Classical, Early Music, New Music
Reviewed by Elizabeth Silsbury, September 1st, 2015
Recorder exponent extraordinaire Genevieve Lacey is the brains and lungs driving this engaging assembly of new meetings with old friends. She is aided and abetted by the Flinders Quartet, comprising Erica Kennedy, Matthew Tomkins, Helen Ireland and Zoe Knighton.
Six of J.S. Bach’s Inventions set the pulses of Elena Kats Chernin racing – and ours too. Various recorders and the strings play vigorous games, revealing all sorts of rhythmic and harmonic possibilities embedded in the master’s notes. Lacey’s tenor laments, her bass begins sombrely then breaks away into burbling laughter, the sopranino evokes school band fifes and jolly ploughboys. Kats-Chernin and Lacey are perfectly matched in these pieces, genuine re-inventions.

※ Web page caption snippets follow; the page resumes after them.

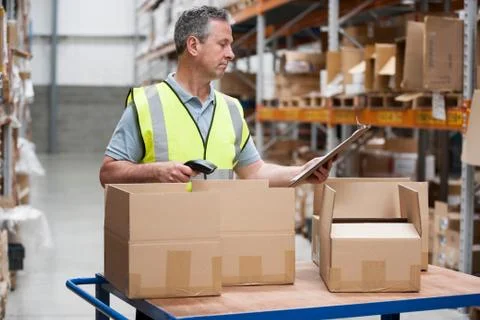 Man using barcode reader in warehouse Stock Photos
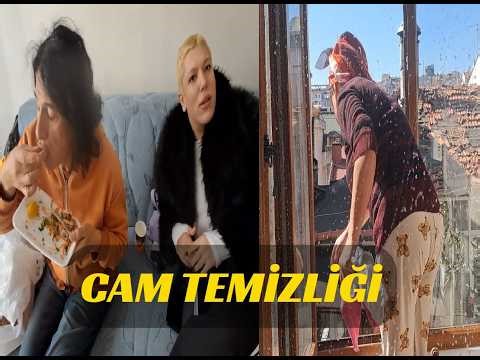 ONE PERSON CLEANED THE WINDOWS, TWO PERSONS ATE LAHMACUN (Turkish pizza).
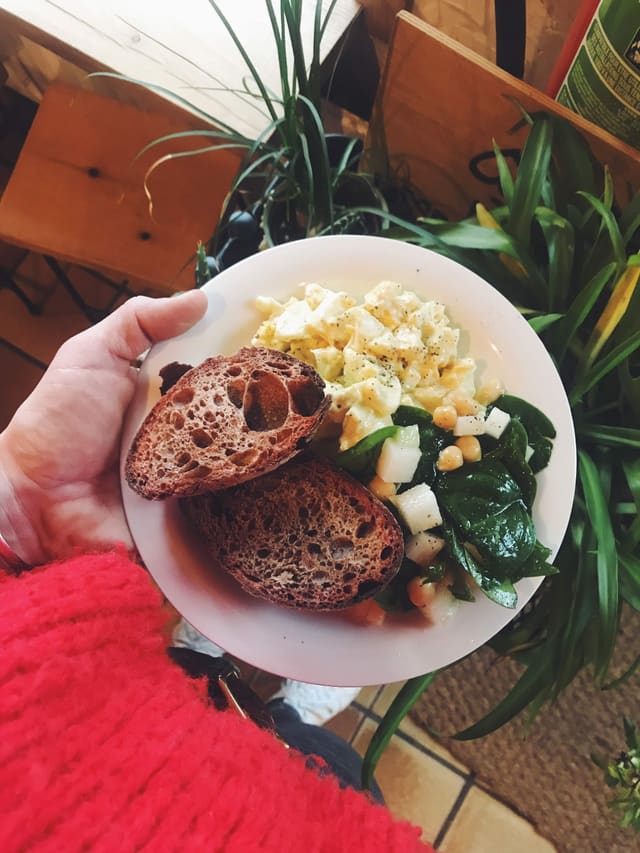 Une assiette tenue à la main : tartines de pain au levain, feta et épinards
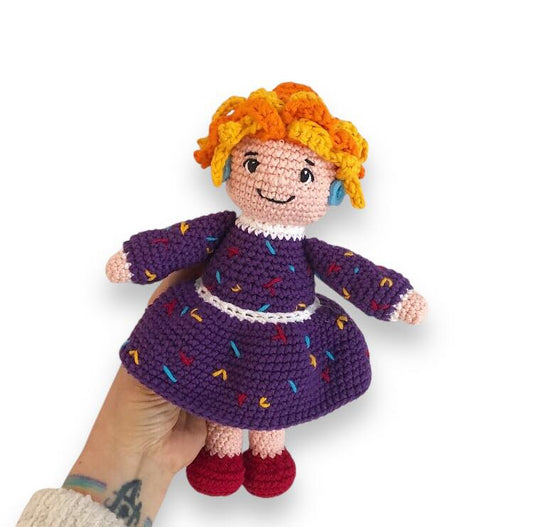 A crocheted doll of Mrs. Frizzle being held by a hand against a white background. 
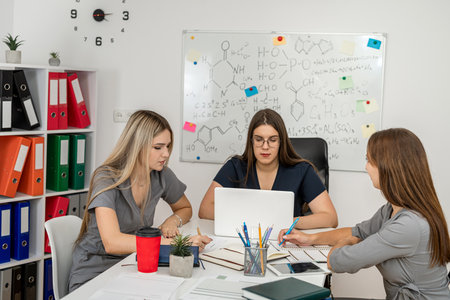 three women holding a reflection workshop in the office with chemistry formulas on whiteboardの写真素材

Calvin Bowman also looks to Bach, arranging organ and cantata movements for string quartet where they sit very comfortably.
Not so much re-invented as re-visited wearing a different costume are Lacey’s interpretations of Mozart’s wind quartets, one in D major, KV 285, the other originally for oboe, then re-thought for flute in C major KV Anh. 171/285b. Flute purists may regret the recorder’s absence of vibrato and find the tone colourless, even flat – not in pitch, heaven forfend, especially in sustained notes. The strings are at their most lustrous, with Mozart’s custom-built scoring.
Bowman’s Homage to Mozart comprises a stately Largo and a sprightly Presto, both for string quartet, both laced with implicit and explicit references to the scores of the hero and others who held him in equally high esteem. Spot the tune is always a jolly game to play.